The opening reception took place from 4 to 7 p.m. on January 21. It was preceded by an active discussion in which participating artist Susan Kraut discussed her inspiration and artwork. Students, staff, faculty and community members attended and contributed to the conversation. Meanwhile, a live feed from Garland’s studio in New York City showed her progress in current artistic endeavors.

Senior Alyssa Davis said the artist talk was her favorite part. Davis said, “you look at these pieces and you don’t know what their process was… so this is a great way to talk to them and see how their process works with each unique piece.” Davis is double majoring in painting and graphic design.

Marcela Andrade, O’Connor Art Gallery director, hosted the event. Andrade said, “There are different ways of experiencing a space…looking at it from different vantage points.”

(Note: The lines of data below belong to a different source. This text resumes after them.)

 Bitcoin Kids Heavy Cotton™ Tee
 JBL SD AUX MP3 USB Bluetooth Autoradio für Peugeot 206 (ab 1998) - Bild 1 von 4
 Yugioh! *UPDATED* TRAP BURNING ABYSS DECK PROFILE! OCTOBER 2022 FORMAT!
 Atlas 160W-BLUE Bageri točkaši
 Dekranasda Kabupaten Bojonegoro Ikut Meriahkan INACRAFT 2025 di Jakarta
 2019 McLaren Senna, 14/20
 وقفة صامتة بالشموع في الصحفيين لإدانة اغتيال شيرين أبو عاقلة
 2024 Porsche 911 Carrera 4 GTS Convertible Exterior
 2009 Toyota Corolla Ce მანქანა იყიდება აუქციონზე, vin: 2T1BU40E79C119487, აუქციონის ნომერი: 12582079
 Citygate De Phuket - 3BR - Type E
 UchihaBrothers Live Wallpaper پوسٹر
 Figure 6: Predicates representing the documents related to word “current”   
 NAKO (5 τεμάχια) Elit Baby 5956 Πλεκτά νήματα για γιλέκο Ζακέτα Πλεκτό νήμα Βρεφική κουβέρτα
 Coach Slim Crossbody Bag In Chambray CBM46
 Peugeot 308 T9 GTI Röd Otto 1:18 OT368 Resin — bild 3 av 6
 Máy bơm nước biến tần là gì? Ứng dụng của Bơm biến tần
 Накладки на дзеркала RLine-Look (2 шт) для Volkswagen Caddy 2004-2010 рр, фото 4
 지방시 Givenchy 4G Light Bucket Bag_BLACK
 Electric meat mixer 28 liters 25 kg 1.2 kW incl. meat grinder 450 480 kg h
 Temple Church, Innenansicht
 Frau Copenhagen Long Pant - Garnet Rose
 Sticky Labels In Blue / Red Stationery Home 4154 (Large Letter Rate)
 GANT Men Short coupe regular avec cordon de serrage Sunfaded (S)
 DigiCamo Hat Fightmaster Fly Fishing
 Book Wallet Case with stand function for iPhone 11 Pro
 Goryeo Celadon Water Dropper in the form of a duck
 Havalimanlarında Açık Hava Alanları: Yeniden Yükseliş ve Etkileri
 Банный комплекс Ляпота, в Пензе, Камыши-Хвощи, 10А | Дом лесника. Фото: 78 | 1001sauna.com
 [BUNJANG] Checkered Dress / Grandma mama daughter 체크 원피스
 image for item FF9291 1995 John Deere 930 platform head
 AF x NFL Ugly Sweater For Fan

One of Kraut’s paintings depicts a dining room with a window looking out to the forthcoming Hurricane Sandy. Kraut said, “In an interior space you feel very safe and in control.”

While the artists both focus on interiors in their artwork, their artistic style and perspectives vary greatly. Garland’s work may be described as enigmatic because her drawings lack clear precision and perfection of perspective. They have a sense of wonderment and fun. Kraut’s paintings are more realistic depictions of scenes in the home.

Kraut said, “You have this flat surface… and you can make the allusion that there’s space… I just think it’s magic.”

Andrade said attendees seemed to have their own perspective of the art and what it meant to them. She said, “How we experience a room and make it our own is very autobiographical.”

Andrade said the exhibit shows a persistent, yet invisible human presence. Interacting with the artwork leaves room for individual interpretation. The opening

reception gave attendees an opportunity to interact with the artists and speculate on their own analysis. Andrade said: “It’s a great way to communicate, make connections, talk to different artists… a lot of people don’t know about the fourth floor and it’s a great way to get people up here and looking and seeing what’s going on in the art department.”

The display is free and is open to all until March 6. The O’Connor Art Gallery is located on the fourth floor of Lewis Hall in room 404.